How do those of you with large roach colonies take care of cleaning them out?

I have a mixed colony of lobster and dubia roaches in a 25L RUB with vertical egg trays. They are breeding well and I now have lots of babies. There is a shallow layer of crushed Bakers dog biscuits at the bottom of the RUB and most of the nymphs are living in amongst the biscuit crumbs and poo.

This presents me with a problem when I want to clean them out, and also when I want to take out some babies to feed to my spiderlings. I can't easily separate the baby roaches from the crumbs and poo. 

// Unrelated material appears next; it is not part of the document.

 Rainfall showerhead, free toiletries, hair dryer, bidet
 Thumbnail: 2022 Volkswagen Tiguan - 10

Is it necessary to crush up the dog biscuits or could i just put them in whole? As well as the biscuits they get carrot and apple and some food leftovers like cooked potato or rice.

cheers


----------



## imginy (Jun 14, 2009)

Well what I do when they need cleaning is get another large container and put all the roaches in to that and yes this involves a lot of searching for little babies through the stuff in the bottom.

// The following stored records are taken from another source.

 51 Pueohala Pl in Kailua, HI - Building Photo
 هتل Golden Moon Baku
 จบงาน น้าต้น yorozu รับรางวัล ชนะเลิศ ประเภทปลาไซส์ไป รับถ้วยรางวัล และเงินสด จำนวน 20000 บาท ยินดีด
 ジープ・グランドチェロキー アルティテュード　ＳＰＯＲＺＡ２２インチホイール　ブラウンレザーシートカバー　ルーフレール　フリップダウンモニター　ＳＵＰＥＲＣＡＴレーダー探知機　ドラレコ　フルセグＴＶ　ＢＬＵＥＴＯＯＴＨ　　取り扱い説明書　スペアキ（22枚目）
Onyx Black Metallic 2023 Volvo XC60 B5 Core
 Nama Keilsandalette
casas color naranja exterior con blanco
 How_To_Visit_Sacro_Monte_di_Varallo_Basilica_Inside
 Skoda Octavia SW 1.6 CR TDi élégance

As for separating I use my mums pots from the kitchen the ones with the holes in for cooking veg and I put them in the top pot with the holes in and then all the tiny ones fall through the holes in to the bottom one.


----------



## garlicpickle (Jan 16, 2009)

imginy said:


> As for separating I use my mums pots from the kitchen the ones with the holes in for cooking veg and I put them in the top pot with the holes in and then all the tiny ones fall through the holes in to the bottom one.

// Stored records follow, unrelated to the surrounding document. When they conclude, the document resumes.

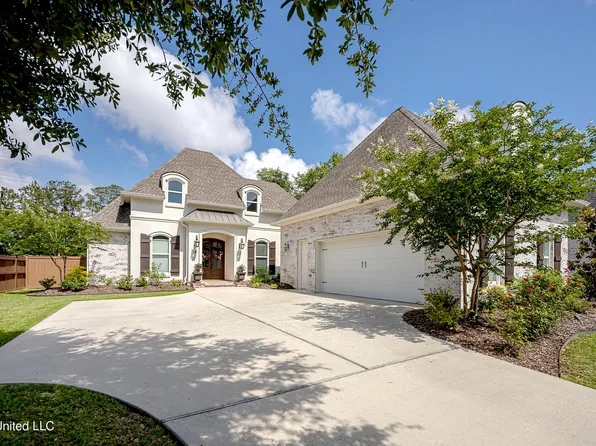 204 Bluff Cv, Ocean Springs, MS 39564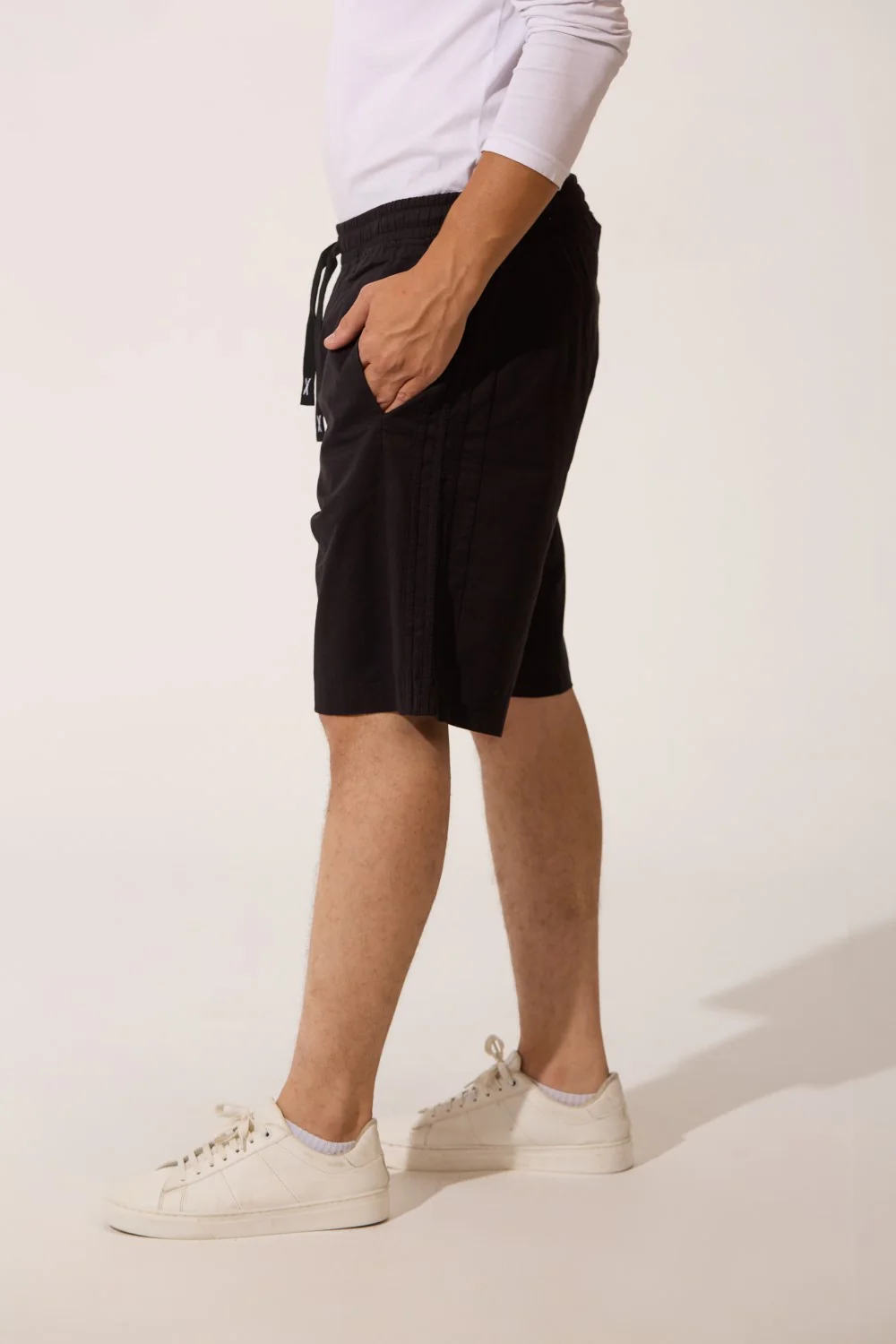 Men's High Quality Basic Linen Short With Drawstring At The Waist And Pockets - Image 8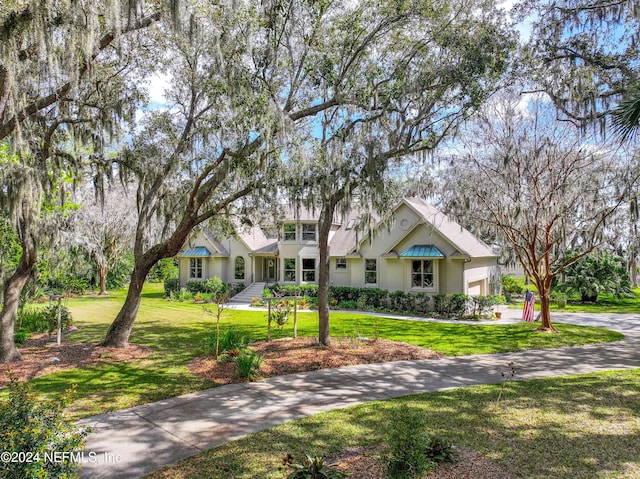 view of front of property featuring a front yard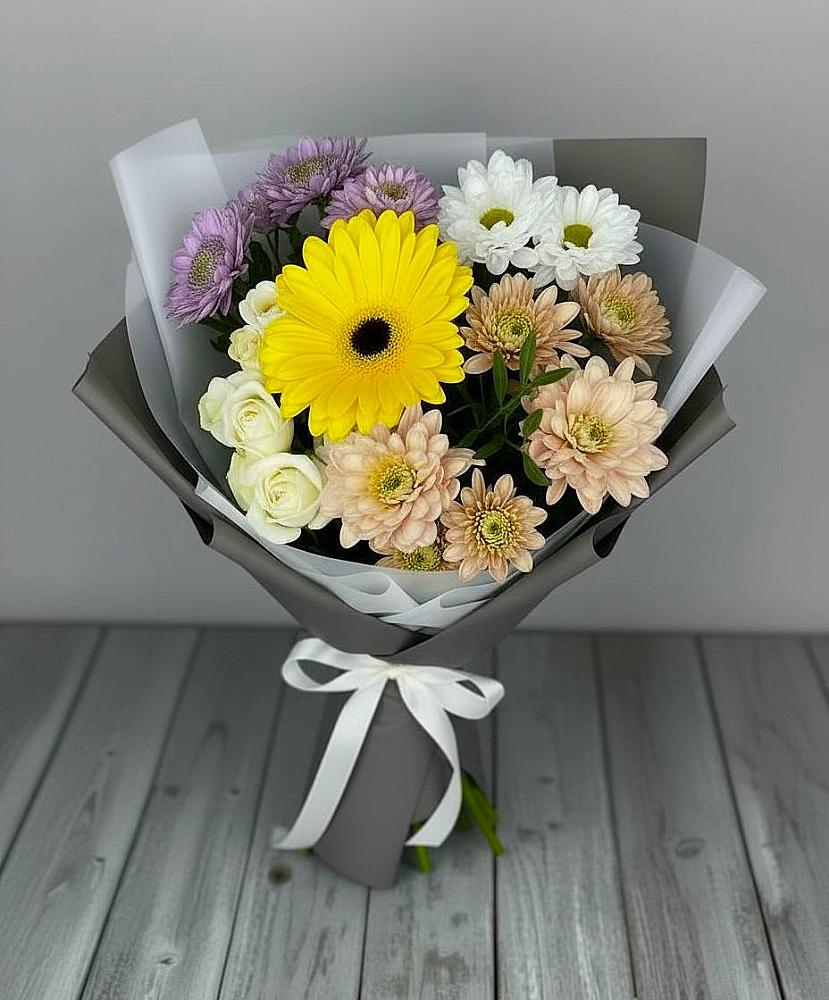 Букет цветов из: Розы, Герберы и Хризантемы в Новичихе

:lol2:I bet she loves you. I had wondered about maybe using a sieve, the poo and small crumbs should fall through leaving the babies behind.

Do you feed your roaches dog or cat biscuit? If so do you crush it up or leaved it whole?


----------



## imginy (Jun 14, 2009)

garlicpickle said:


> :lol2:I bet she loves you. I had wondered about maybe using a sieve, the poo and small crumbs should fall through leaving the babies behind.
> 
> Do you feed your roaches dog or cat biscuit? If so do you crush it up or leaved it whole?


Of course she loves me :flrt:

I don't use dog biscuits I just put my food in once a day but still after a couple of months there is still an inch of waste in the bottom.

I am pretty sure the roaches wont be able to eat whole dog biscuits though : victory:


----------



## snakeeyes21 (Nov 23, 2008)

imginy said:


> *Of course she loves me* :flrt:


Tell her what you do to her steamer and see if she feels the same way :whistling2:


----------



## GemmaPerks (Mar 8, 2010)

Make a number of sieves with different sized holes.

make them from old buckets using drill bits of different sizes.

doing this will allow both cleaning and sizing


----------



## GemmaPerks (Mar 8, 2010)

scroll to the bottom of this page

CARESHEET


----------



## garlicpickle (Jan 16, 2009)

cheers : victory: I'll give that a try, I've got loads of plastic tubs here.


----------